● SUPPLIED DATA:
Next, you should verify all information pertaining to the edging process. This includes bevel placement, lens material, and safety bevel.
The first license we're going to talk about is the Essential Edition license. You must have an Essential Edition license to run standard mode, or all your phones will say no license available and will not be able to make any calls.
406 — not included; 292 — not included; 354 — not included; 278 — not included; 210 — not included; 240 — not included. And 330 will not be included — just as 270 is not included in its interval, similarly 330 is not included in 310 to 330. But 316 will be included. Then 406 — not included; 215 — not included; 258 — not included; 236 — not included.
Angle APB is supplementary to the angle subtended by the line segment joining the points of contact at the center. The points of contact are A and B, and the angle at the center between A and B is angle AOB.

--

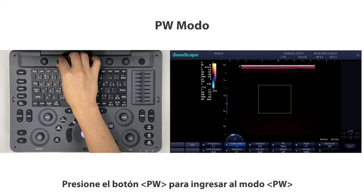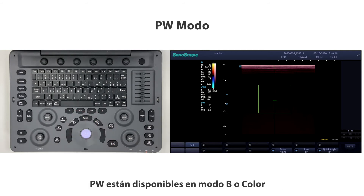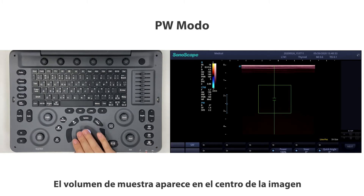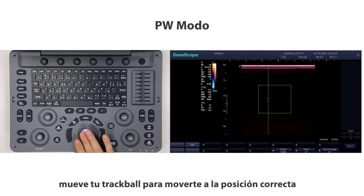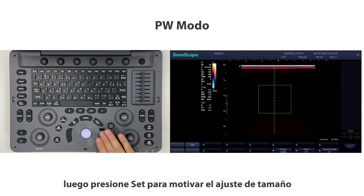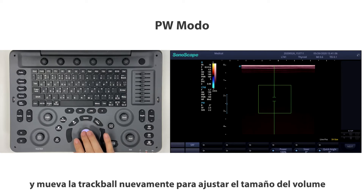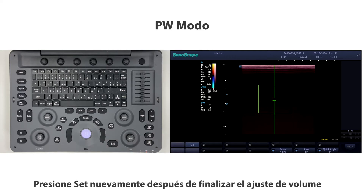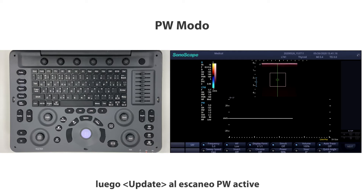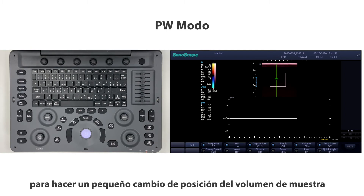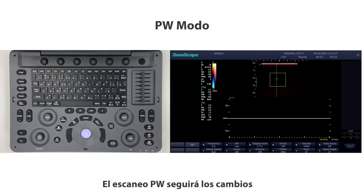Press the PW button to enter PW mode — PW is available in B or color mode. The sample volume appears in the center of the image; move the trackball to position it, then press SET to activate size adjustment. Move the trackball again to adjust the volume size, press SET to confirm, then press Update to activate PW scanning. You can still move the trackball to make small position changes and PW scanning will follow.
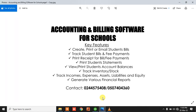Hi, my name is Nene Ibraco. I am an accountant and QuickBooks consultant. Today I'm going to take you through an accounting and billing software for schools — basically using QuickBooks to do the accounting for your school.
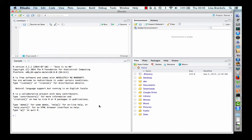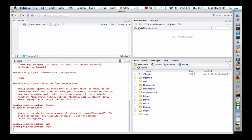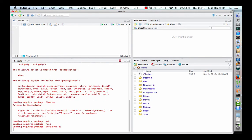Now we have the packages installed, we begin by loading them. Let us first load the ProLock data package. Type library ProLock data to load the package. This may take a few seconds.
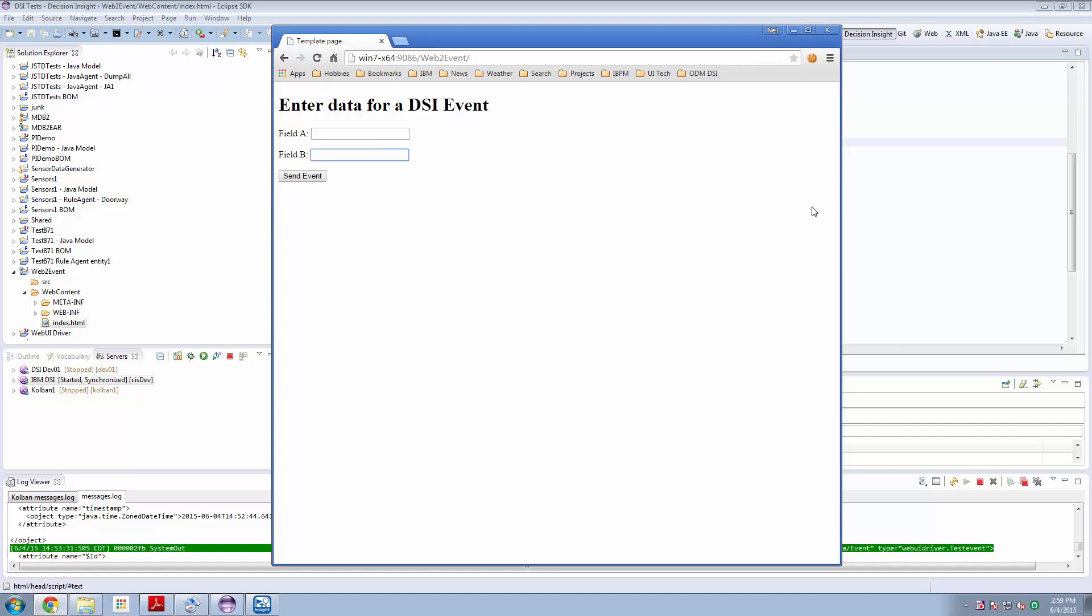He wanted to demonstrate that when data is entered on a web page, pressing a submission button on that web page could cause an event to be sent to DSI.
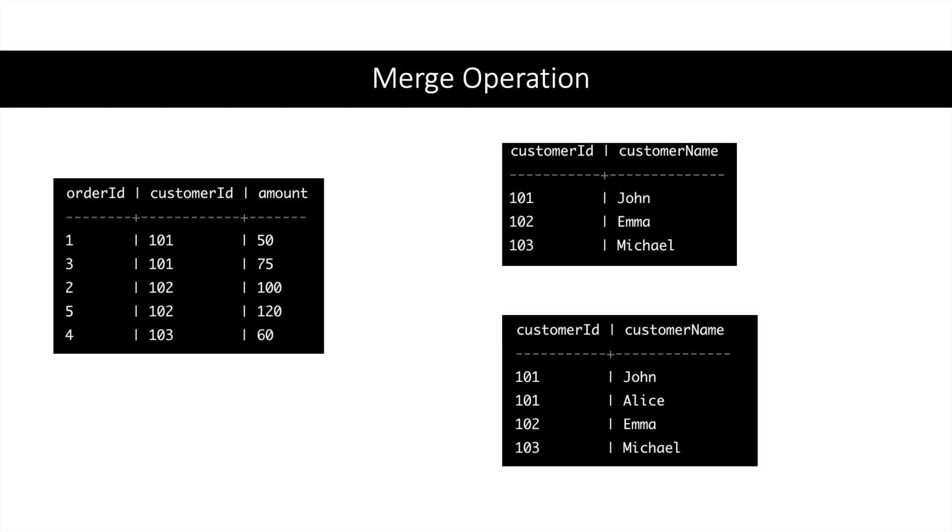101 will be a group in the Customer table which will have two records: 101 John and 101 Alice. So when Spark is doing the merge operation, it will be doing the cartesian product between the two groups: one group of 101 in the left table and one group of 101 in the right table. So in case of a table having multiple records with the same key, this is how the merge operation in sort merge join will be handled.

* * *

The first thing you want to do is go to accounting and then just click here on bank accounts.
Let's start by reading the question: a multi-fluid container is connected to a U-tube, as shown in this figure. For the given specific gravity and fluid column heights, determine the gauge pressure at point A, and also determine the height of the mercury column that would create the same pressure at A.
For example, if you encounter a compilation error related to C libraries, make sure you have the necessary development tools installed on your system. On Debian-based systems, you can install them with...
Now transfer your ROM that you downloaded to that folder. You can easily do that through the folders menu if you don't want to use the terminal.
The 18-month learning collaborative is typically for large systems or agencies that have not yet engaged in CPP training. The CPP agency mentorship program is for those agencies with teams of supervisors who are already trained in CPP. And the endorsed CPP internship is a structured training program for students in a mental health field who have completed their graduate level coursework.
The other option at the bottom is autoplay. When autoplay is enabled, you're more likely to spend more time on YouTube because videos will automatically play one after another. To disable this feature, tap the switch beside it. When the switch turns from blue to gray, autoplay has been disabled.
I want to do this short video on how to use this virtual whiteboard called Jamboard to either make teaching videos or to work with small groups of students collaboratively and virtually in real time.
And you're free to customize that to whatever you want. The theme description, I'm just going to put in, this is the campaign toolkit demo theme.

● EXERCISE AIM: Taking the entries above, restate exactly those lines that fall between the line with "The first license" and the line with "Angle APB is", keeping both of those lines too.

● WRITTEN REPLY:
The first license we're going to talk about is the Essential Edition license. You must have an Essential Edition license to run standard mode, or all your phones will say no license available and will not be able to make any calls.
406 — not included; 292 — not included; 354 — not included; 278 — not included; 210 — not included; 240 — not included. And 330 will not be included — just as 270 is not included in its interval, similarly 330 is not included in 310 to 330. But 316 will be included. Then 406 — not included; 215 — not included; 258 — not included; 236 — not included.
Angle APB is supplementary to the angle subtended by the line segment joining the points of contact at the center. The points of contact are A and B, and the angle at the center between A and B is angle AOB.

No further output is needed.